All films – with the exception of “Fly by Light” on Oct. 26 – will be screened at 2 p.m. on Sunday afternoons in Taylor Little Theatre at Mercyhurst University. Movies at Mercyhurst is comprised of the following three series:
The Maria J. Langer Film Series features an array of critically acclaimed independent world movies and documentaries that inspire reflection and conversation with the greater Erie community.
The On Screen/In Person Series will bring independent filmmakers to campus, followed by Q-and-A sessions that give the audience an opportunity to learn more about the passion and creativity behind the filmmaking process.
The Classic Film Series is a great way to see an encore of the films you love on the big screen, shown this year in celebration of their milestone anniversaries. The audience will be taken back in time as selections will be accompanied by clips and cartoons from the film’s original premiere date.
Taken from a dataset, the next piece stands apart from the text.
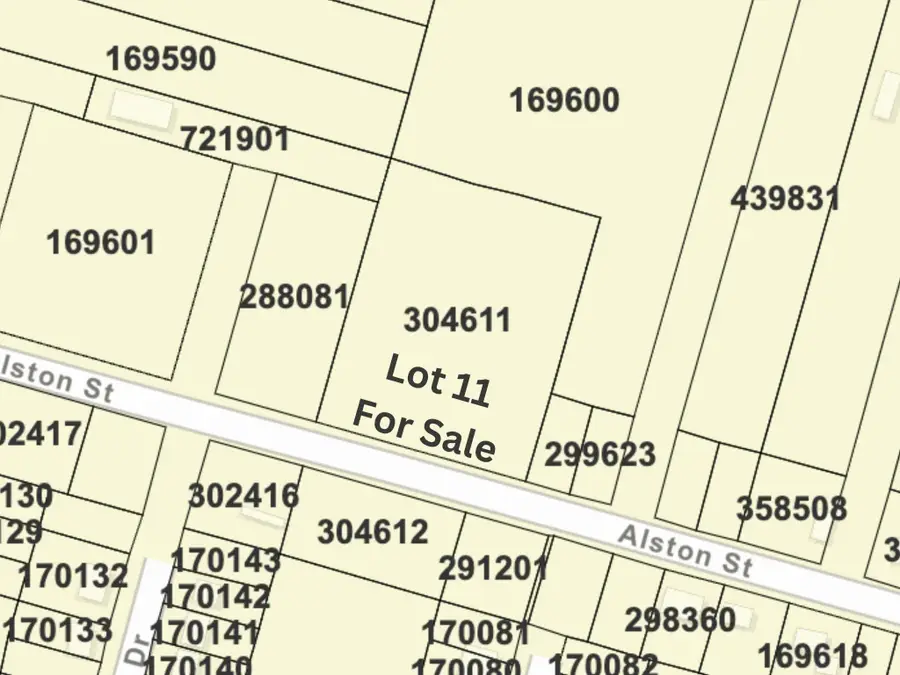 TBD Alston, Hitchcock, TX 77563 - Image #3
Ticket prices for the Langer and On Screen/In Person Series are $6 for adults; $5 for students/seniors; and $1 for Mercyhurst students (with ID). Classic Film Series tickets are $1 for everyone.
The Fall 2014 lineup is included below. All titles subject to change. For tickets or more information, call 814-824-3000 or visit miac.mercyhurst.edu.
The Hand that Feeds, On Screen/In Person, Sunday, Sept. 7, 2014
At the original 63rd Street Hot and Crusty café, NYC residents get served with a smile 24 hours a day. But behind the scenes, undocumented immigrant workers face sublegal wages, dangerous machinery, and abusive managers. Mild-mannered sandwich maker Mahoma López has never been interested in politics, but in January 2012, he convinces a small group of his co-workers to fight back.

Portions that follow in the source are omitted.